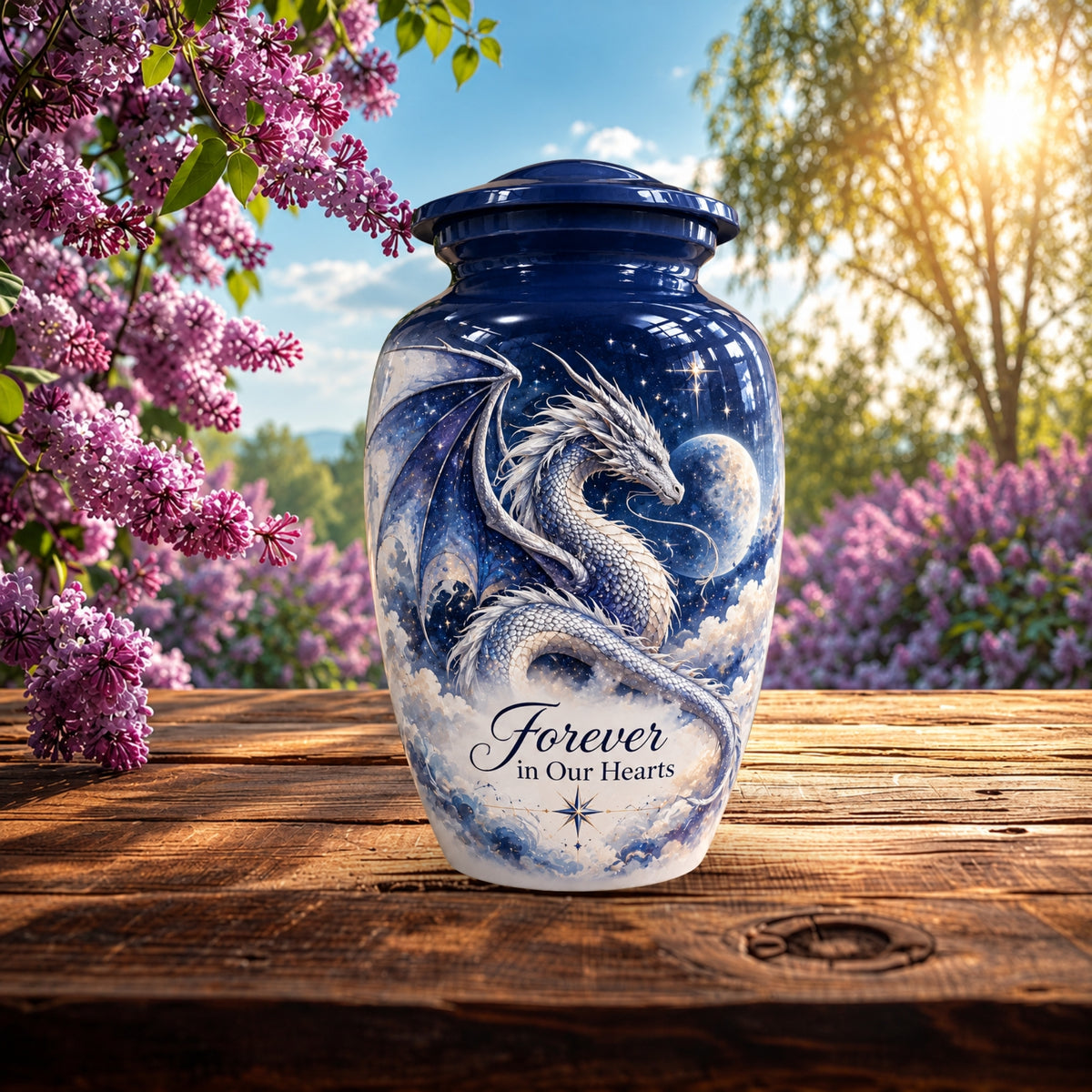 dragon cremation urn for human ashes, handmade aluminum urn – photo 2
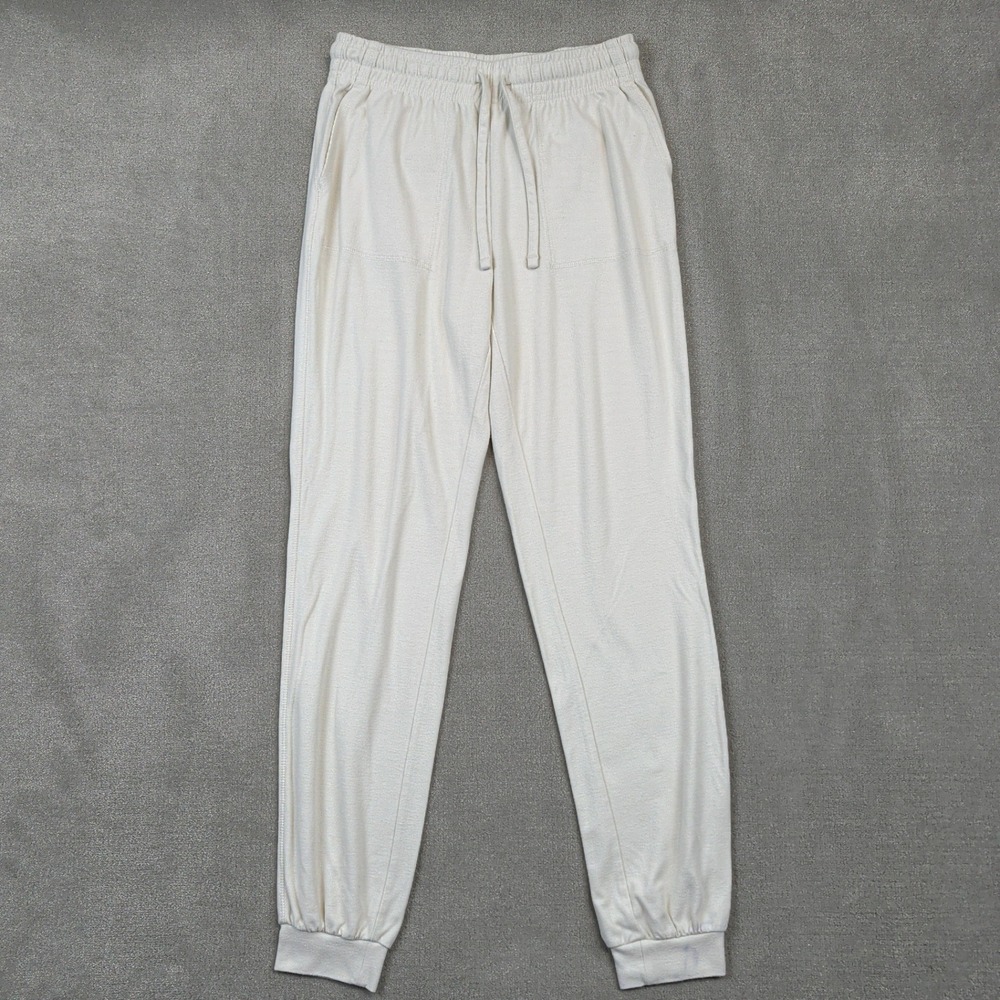 J.Crew Joggers Womens XS Cream Ribbed Knit Drawstring Waist Lounge Pants Viscose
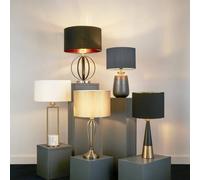 Searchlight Lámpara de mesa Pyramid, negro-cobre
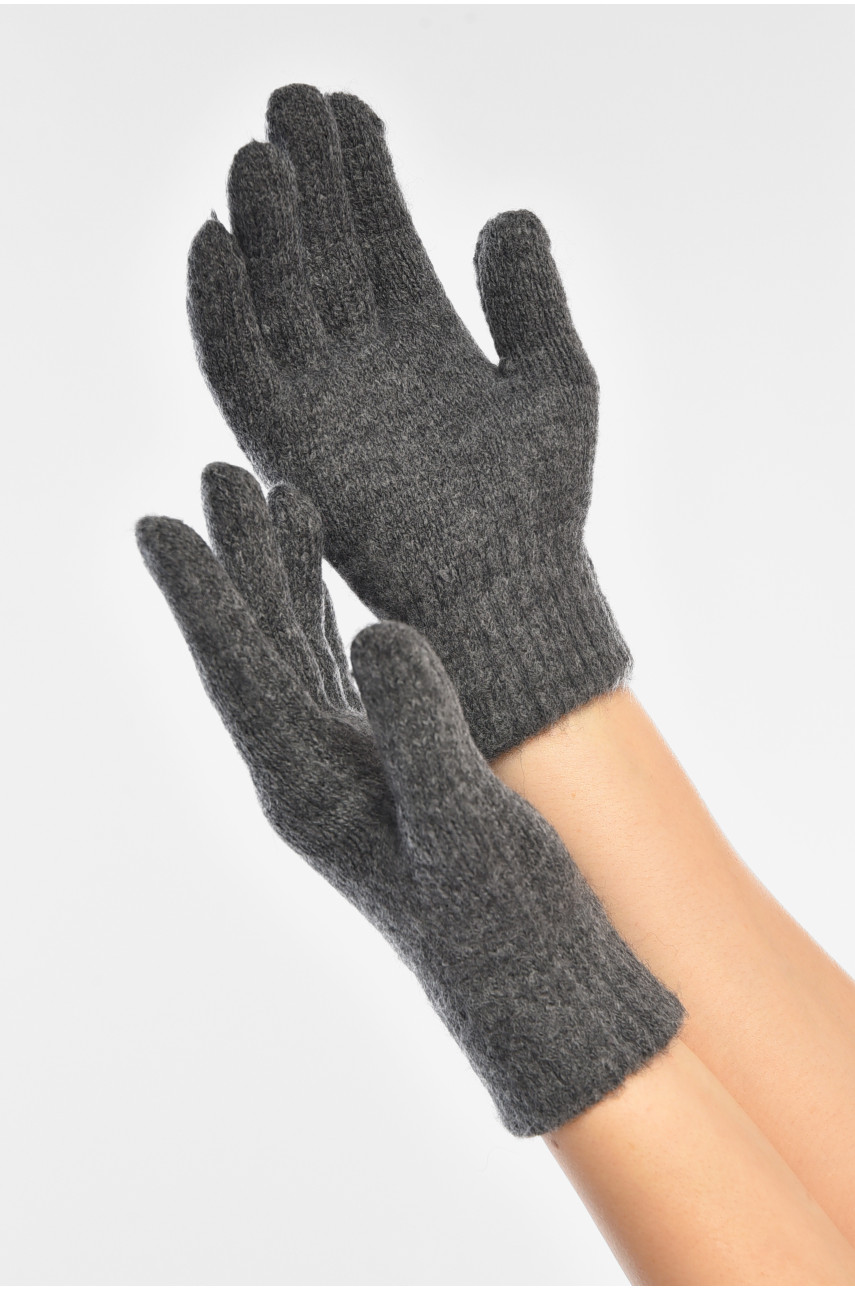 Перчатки женские трикотажные тёмно-серого цвета 3842 208005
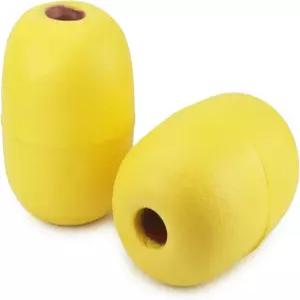 QWORK 2팩 타원형 수상 부유물 3/16인치 구멍 1개 6인치 x 8인치 앵커 라인 수영장 스키 로프 노란색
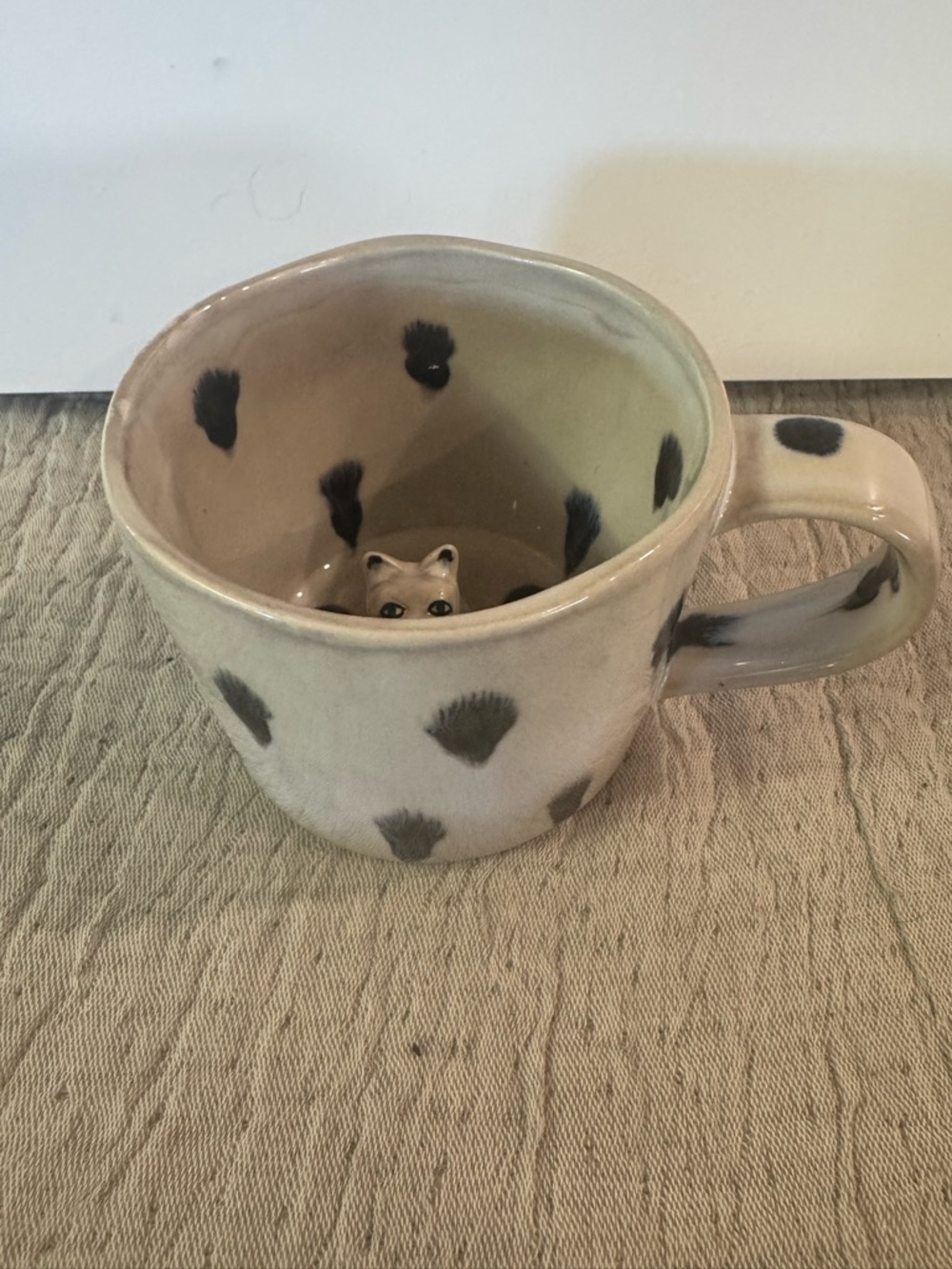 Anthropologie  Ceramic Dog Mug with Black Spot Accents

◇ ◇ ◇ ◇

[Work instructions]: Only the lines from the one that holds "Перчатки женские трикотажные" through the final line of the material should be reproduced, word for word, with the pictures omitted.

[Written answer]:
 Перчатки женские трикотажные тёмно-серого цвета 3842 208005
 QWORK 2팩 타원형 수상 부유물 3/16인치 구멍 1개 6인치 x 8인치 앵커 라인 수영장 스키 로프 노란색
 Anthropologie  Ceramic Dog Mug with Black Spot Accents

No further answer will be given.